Chaque séance, et il y en avait trois par jour, de 17 heures à 20 heures, ils se pressaient dans les différentes salles du premier étage de l'Aubette.

A chaque rencontre une intensité tout à fait rare se dégageait, alchimie entre l'écrivain qui s'exprimait et la salle à l'écoute passionnée.

Christian Bobin a littéralement fasciné son auditoire qu'il envoutait par des phrases réfléchies, ciselées et emplies de sens qu'il ne livrait qu'avec parcimonie et une sorte d'enjouement intellectuel rare. Chacune de ses expressions méritait d'être méditée et j'ai rarement entendu des défintions aussi pertinentes, aussi poétiques, du livre et du lecteur... de l'écrivain aussi. La tension de l'écoute était symbolique de l'intéret des auditeurs. Ils étaient alors près de six cent.

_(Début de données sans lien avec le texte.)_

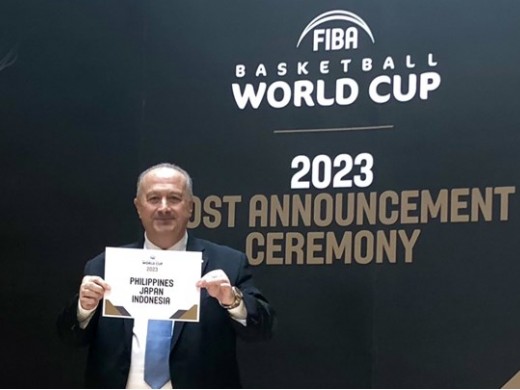 Philippines/Japan/Indonesia to stage first-ever multiple hosts FIBA Basketball World Cup in 2023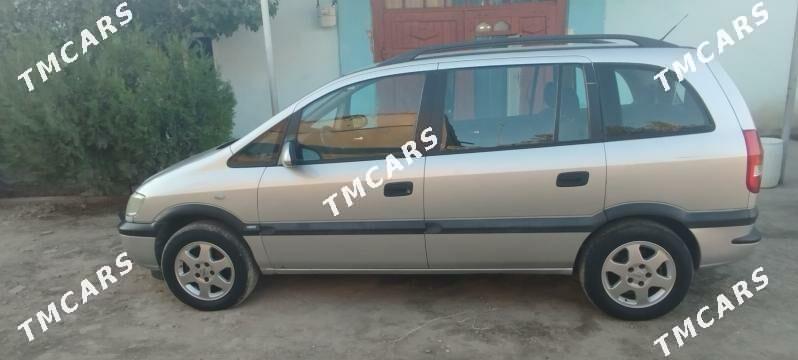 Opel Zafira 2001 - 105 000 TMT - Дашогуз - img 5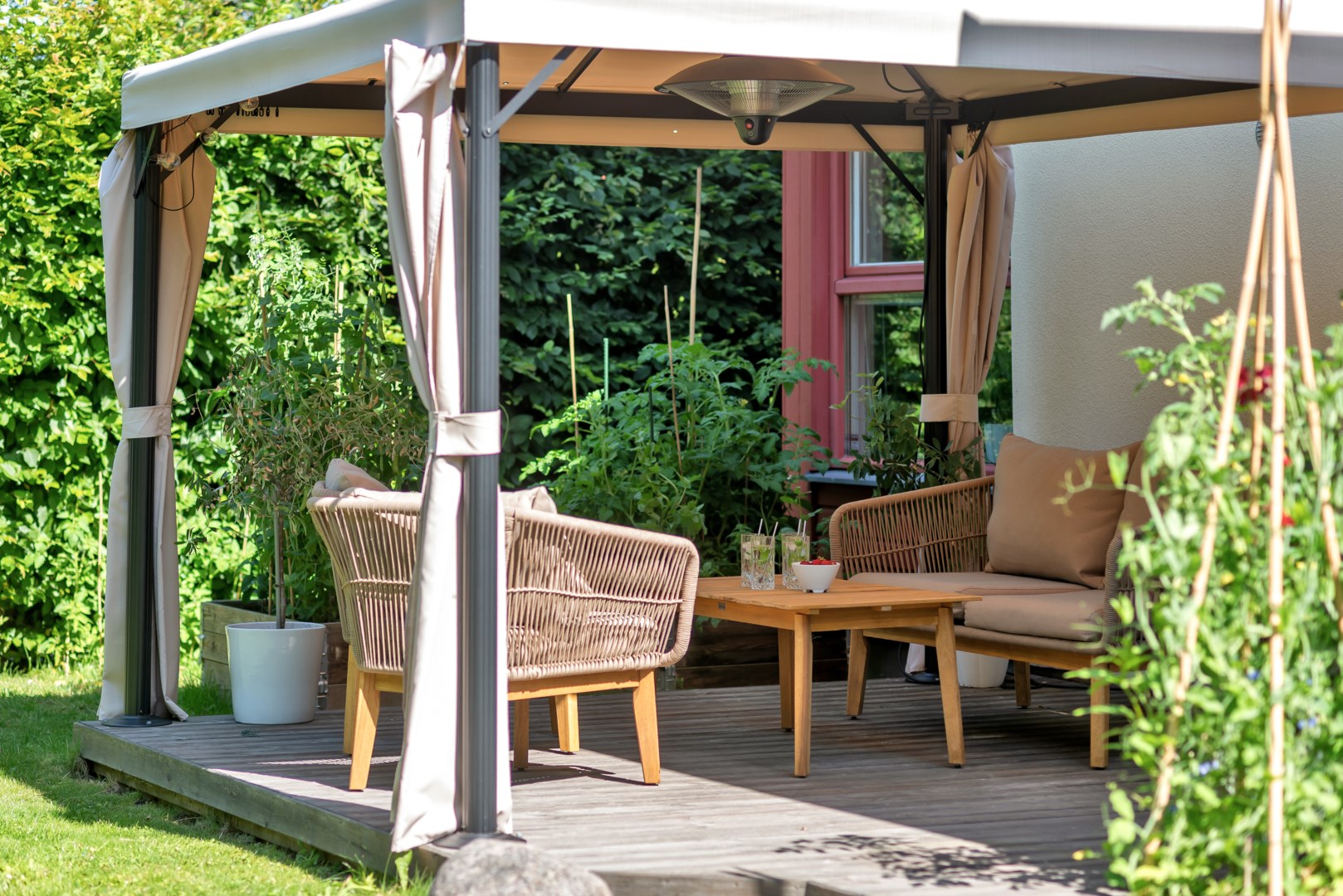 Bostadsbild från Pimpstensvägen 11, Såld i Herrhagen, Uppsala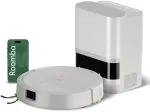 iRobot Roomba 115 Combo Robot dulkių siurblys + Auto Empty Dock Baltas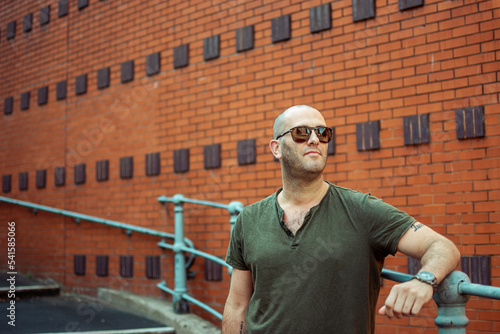 Foto british actor Adam Morgan bristol
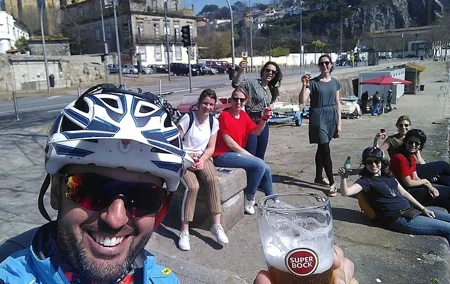 From Porto with view to Gaia: Private Bike Tour #DuckSideOfPorto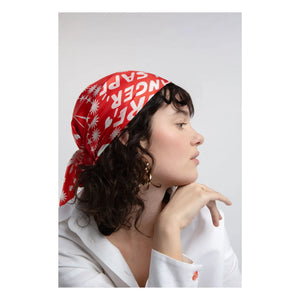 Elise Chalmin - Ben Bandana İpek Eşarp | Kırmızı
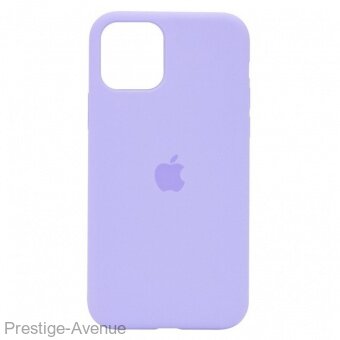 Силиконовый чехол для iPhone 12 / 12 Pro лавандовый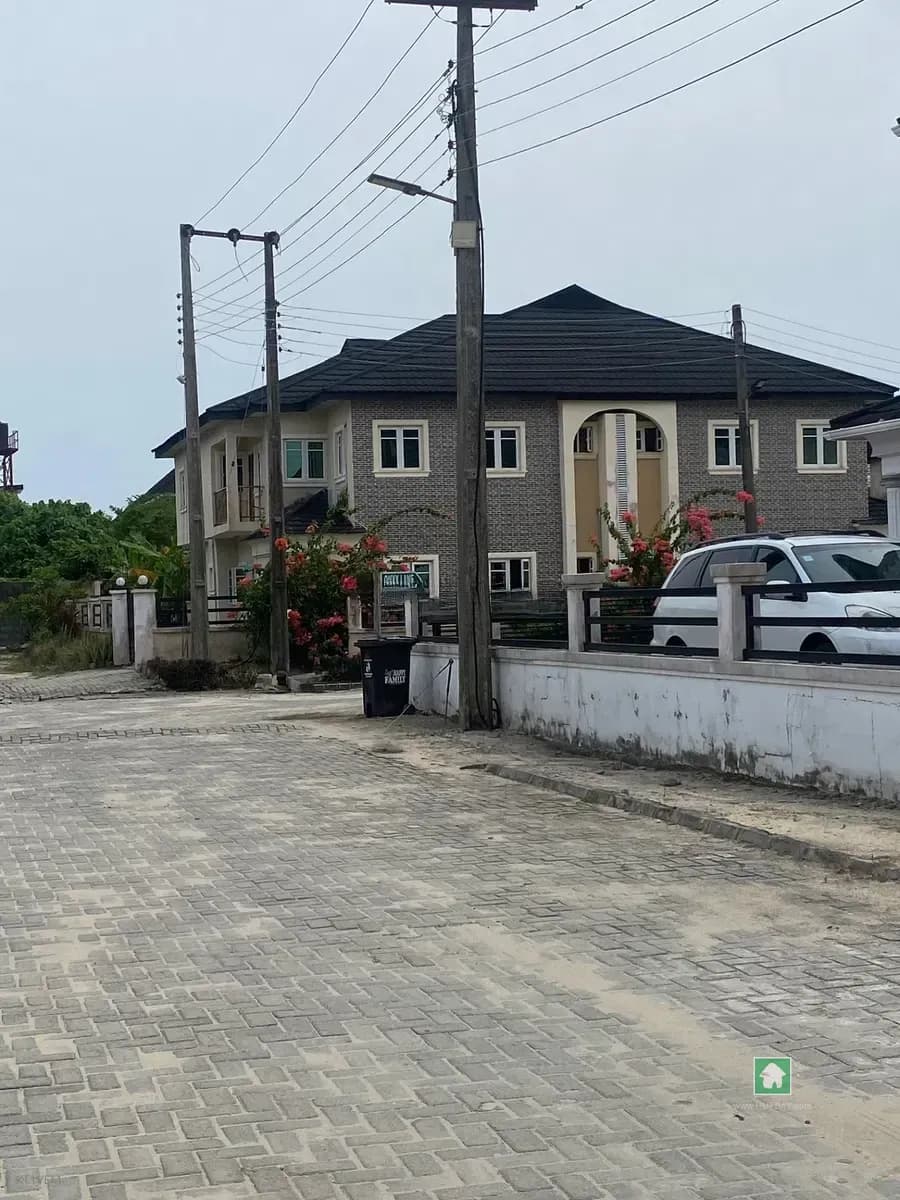 5-Bedroom Detached Duplex for Rent in Sangotedo, Lagos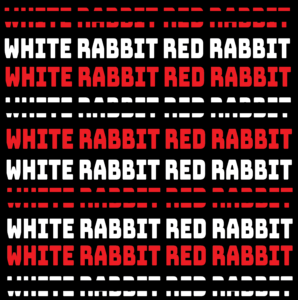 White Rabbit Red Rabbit Logo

Alberto Manguel a, lui aussi, su créer une sorte de magie en évoquant sa bibliothèque à lui. Ce doit être une sorte de cathédrale privée des lettres, une tour de Montaigne avec sa "librairie" mais, Mangueliste. Cathédrale même s'il nous dit que c'est dans un présbytère...La manière dont il a décrit son emménagement avec ses caisses de livres...trois mois de travail, pour que chaque volume soit à sa place...Ses lectures ensuite, la nuit, si différentes de celles de jour, et, au fond, la pluralité des lectures, utilitaires, ludiques, de pur plaisir, de recherche, tout cela a passionné un auditoire totalement attentif. Quelque cinq cent ont suivi Manguel qui nous a fait cadeau de cette phrase si étonnemment poétique d'Eschyle: "L'amour est comme un glaçon dans la main d'un enfant". Que dire de mieux et de plus?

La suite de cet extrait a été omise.